───── GIVEN MATERIAL ─────

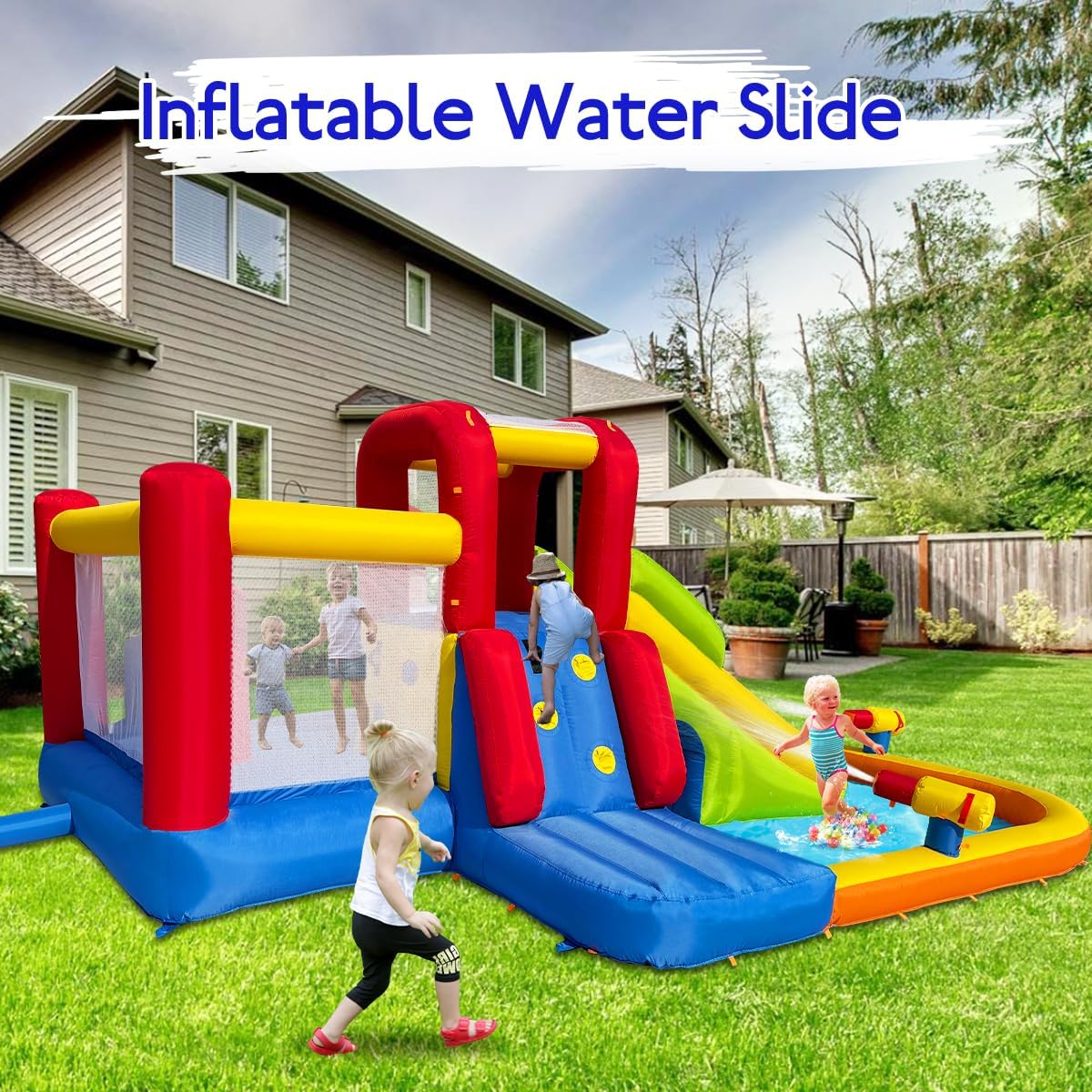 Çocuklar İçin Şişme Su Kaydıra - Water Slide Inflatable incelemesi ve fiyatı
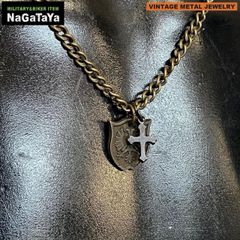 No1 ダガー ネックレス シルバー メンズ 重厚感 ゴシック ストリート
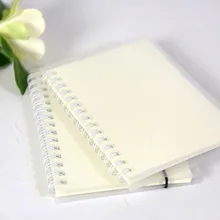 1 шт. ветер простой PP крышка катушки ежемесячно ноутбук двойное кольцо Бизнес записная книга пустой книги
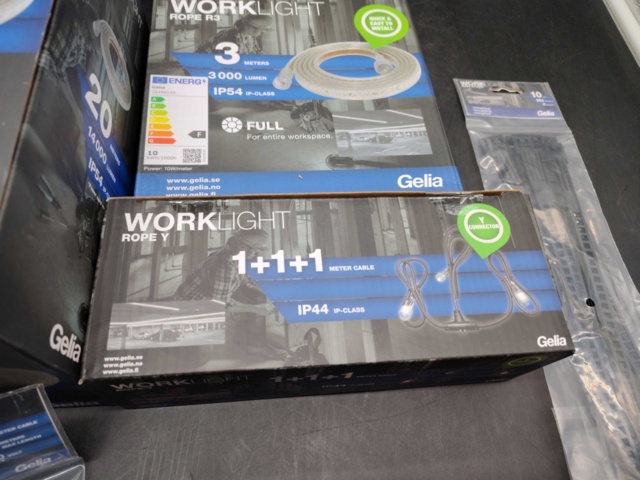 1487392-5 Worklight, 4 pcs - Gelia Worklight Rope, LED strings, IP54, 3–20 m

─────

PROBLEM DESCRIPTION: Word for word, restate every line of the listing, omitting the pictures.

WORKED SOLUTION:
 Çocuklar İçin Şişme Su Kaydıra - Water Slide Inflatable incelemesi ve fiyatı
 No1 ダガー ネックレス シルバー メンズ 重厚感 ゴシック ストリート
 1 шт. ветер простой PP крышка катушки ежемесячно ноутбук двойное кольцо Бизнес записная книга пустой книги
 1487392-5 Worklight, 4 pcs - Gelia Worklight Rope, LED strings, IP54, 3–20 m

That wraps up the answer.